Full-Text Search (FTS5)

GrafitoDB provides full-text search capabilities using SQLite's FTS5 extension.

Prerequisites

FTS5 must be enabled in your SQLite build:

from grafito import GrafitoDatabase

db = GrafitoDatabase(':memory:')

if not db.has_fts5():
    raise RuntimeError("FTS5 not available. Install SQLite with FTS5 support.")

Creating Text Indexes

Node Text Index

# Index specific properties on nodes with a label
db.create_text_index(
    entity_type='node',
    label='Person',
    properties=['name', 'bio', 'description']
)

Relationship Text Index

# Index properties on relationships
db.create_text_index(
    entity_type='relationship',
    rel_type='COMMENT',
    properties=['text', 'title']
)

Multiple Indexes

# Create indexes for different entity types
db.create_text_index('node', 'Article', ['title', 'content', 'tags'])
db.create_text_index('node', 'Product', ['name', 'description'])
db.create_text_index('relationship', 'REVIEW', ['comment'])

Building the Index

After configuring indexes, rebuild to index existing data:

# Index all existing data
db.rebuild_text_index()

# Future inserts/updates are indexed automatically

Searching

Basic Search

# Search across all indexed text
results = db.text_search('python developer', k=10)

for result in results:
    print(f"Score: {result.score}")
    print(f"Node: {result.node}")
    print(f"Matched properties: {result.matched_properties}")

Filtered Search

# Search only within specific labels
results = db.text_search(
    query='machine learning',
    k=10,
    labels=['Article', 'Paper']
)

# Search with property filter
results = db.text_search(
    query='database',
    k=10,
    labels=['Article'],
    properties={'status': 'published'}
)

Search Results

results = db.text_search('graph database', k=5)

for r in results:
    print(f"ID: {r.node.id}")
    print(f"Labels: {r.node.labels}")
    print(f"BM25 Score: {r.score}")
    print(f"Properties: {r.node.properties}")

Query Syntax

Basic Terms

# Single term
db.text_search('python')

# Multiple terms (AND implied)
db.text_search('python graph')

# Exact phrase
db.text_search('"machine learning"')

Boolean Operators

# AND (default)
db.text_search('python AND graph')

# OR
db.text_search('python OR javascript')

# NOT
db.text_search('database NOT sql')

# Combined
db.text_search('(python OR javascript) AND web')

Prefix Matching

# Match words starting with 'dev'
db.text_search('dev*')

# Match 'graph' prefix
db.text_search('graph* database')

NEAR Operator

# Terms within 10 words of each other
db.text_search('python NEAR/10 database')

# Terms within 5 words
db.text_search('machine NEAR/5 learning')

BM25 Ranking

FTS5 uses BM25 ranking by default. Scores are higher for better matches.

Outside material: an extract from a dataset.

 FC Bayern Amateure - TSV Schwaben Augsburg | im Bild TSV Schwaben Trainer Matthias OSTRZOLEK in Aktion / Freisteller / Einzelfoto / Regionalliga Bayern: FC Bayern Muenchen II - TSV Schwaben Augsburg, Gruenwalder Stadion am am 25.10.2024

results = db.text_search('python', k=10)

# Results sorted by BM25 score (descending)
for i, r in enumerate(results, 1):
    print(f"{i}. {r.node.properties['title']} (score: {r.score:.3f})")

Integration with Cypher

# Hybrid: Text search + graph pattern
results = db.text_search('database', k=20)
node_ids = [r.node.id for r in results]

# Then query relationships
cypher_results = db.execute("""
    MATCH (n)-[:AUTHORED]->(author:Person)
    WHERE id(n) IN $node_ids
    RETURN n.title, author.name
""", {'node_ids': node_ids})

Best Practices

1. Choose Properties Wisely

# Index meaningful text fields
db.create_text_index('node', 'Article', [
    'title',      # Good: descriptive
    'content',    # Good: searchable body
    # 'id',       # Skip: not meaningful for search
    # 'url',      # Skip: usually not helpful
])

2. Rebuild After Bulk Import

# After importing large dataset
db.rebuild_text_index()

3. Combine with Property Filters

# Narrow search space first
results = db.text_search(
    'python',
    k=10,
    labels=['Article'],
    properties={'published': True, 'language': 'en'}
)

4. Handle Empty Results

results = db.text_search('xyzabc123', k=10)

if not results:
    print("No matches found")
    # Fall back to different query or show suggestions

Limitations

FTS5 Required: Not available in all SQLite builds
Tokenization: Uses SQLite's default tokenizer (unicode61)
No Fuzzy Matching: Exact and prefix matches only
Single Language: Best for one language per index

Troubleshooting

No Results

# Check if FTS5 is available
print(db.has_fts5())

# Check if index exists
print(db.list_text_indexes())

# Rebuild index
db.rebuild_text_index()

Poor Ranking

# BM25 scores can be negative (lower is better in FTS5)
# GrafitoDB normalizes to positive scores
# Check raw scores to debug
results = db.text_search('term', k=10)
for r in results:
    print(f"Score: {r.score}")